Jamais un roman algérien n’avait suscité une telle controverse avant même qu’on puisse le lire. L’écrivaine Inaâm Bayoudh était loin d’imaginer cette vive polémique qu’allait susciter son roman « Houaria », publié aux Éditions MIM et récompensé par le Grand Prix Assia Djebar 2024 du roman en langue arabe le 9 juillet dernier. Depuis quelques jours, le roman a enflammé les réseaux sociaux, provoquant une levée de boucliers sans égal.
Les critiques de l’œuvre pointent du doigt l’utilisation de termes grossiers en darija et poussent la critique jusqu’à dire que le roman porte atteinte à la ville d’Oran et à ses femmes! Les réactions en ligne sont virulentes, certains allant jusqu’à exiger le retrait du prix Assia Djebar et l’interdiction du livre en librairie. Un livre, faut-il le préciser en vente depuis l’automne dernier puisqu’il faisait partie des nouveautés au salon du livre 2023.

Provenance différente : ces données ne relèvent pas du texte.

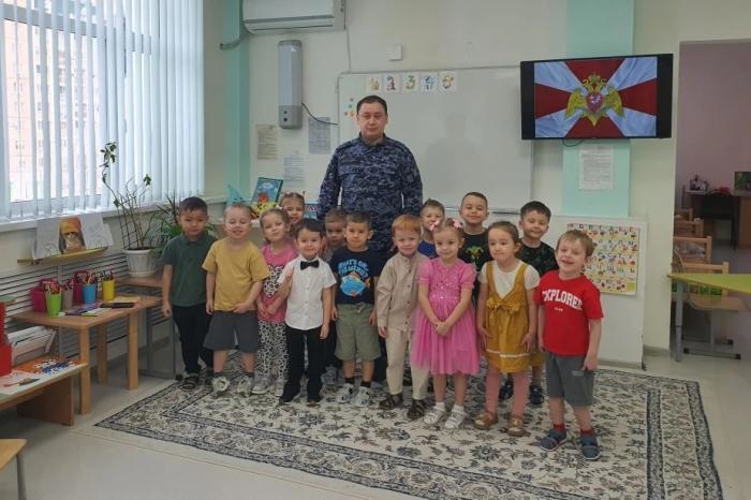 В Оренбурге росгвардейцы провели урок мужества для воспитанников детского сада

Cette pression grandissante a poussé l’éditrice, Assia Ali Moussa, directrice de la maison d’édition MIM à annoncer via sa page Facebook, la fermeture de son entreprise. “Nous n’étions que des défenseurs de la paix et de l’amour et nous ne cherchions qu’à diffuser cela”. Ceci n’a pas calmé la polémique. Les critiques se sont multiplié visant l’auteure. Celle-ci est toutefois soutenue par de nombreux de nombreux intellectuels.
Solidarité des Intellectuels
Des intellectuels, écrivains, et éditeurs ont rapidement exprimé leur solidarité avec Inaâm Bayoudh. Kitouni Hosni, Hmida Layachi, Nacer Djabi, Lazhari Labter, Amar Ingrachen, ont tous critiqué cette levée de boucliers contre un roman et dénonçant ces véléités moralistes et ces tentatives de réprimer la création littéraire et la liberté d’expression.
Djawad Rostom Touati, membre du jury du Grand Prix Assia Djebar, a défendu le roman en soulignant son réalisme et la justesse des dialogues en dialecte oranais, qualifiant la controverse de réaction exagérée. “”Houaria”, d’Inâam Beyoudh, est l’un des romans les plus beaux et captivants qu’il m’eût été donné de lire, toutes langues confondues. Un roman polyphonique, où les voix des personnages tissent, par touches successives, la trame de ces destins savamment entrecroisés par l’auteure, qui recourt à un narrateur omniscient pour combler les quelques “blancs” que ne peuvent peindre les personnages, et nous plonger dans l’existence de ces couches marginalisées qui ont subi de plein fouet la décennie noire.”
Motion de Soutien
Des écrivains ont lancé une motion de soutien à Inaâm Bayoudh pour contrer les voix qui appellent au retrait du prix à l’écrivaine et condamnant les attaques et défendant la liberté de créer. Parmi les signataires figurent des figures littéraires et intellectuelles comme Waciny Laradj, Arezki Metref, Mourad Preure, H’mida Ayachi, Amin Zaoui, Maïssa Bey, Lazhari Labter, Nacer Djabi et Sofia Djama. Ils affirment leur solidarité totale avec l’auteure, son éditrice et les membres du jury.
Cette solidarité souligne l’importance de défendre la liberté d’expression et de création face aux attaques moralistes et conservatrices, et souligne le soutien de la communauté intellectuelle à Inaâm Bayoudh dans cette épreuve.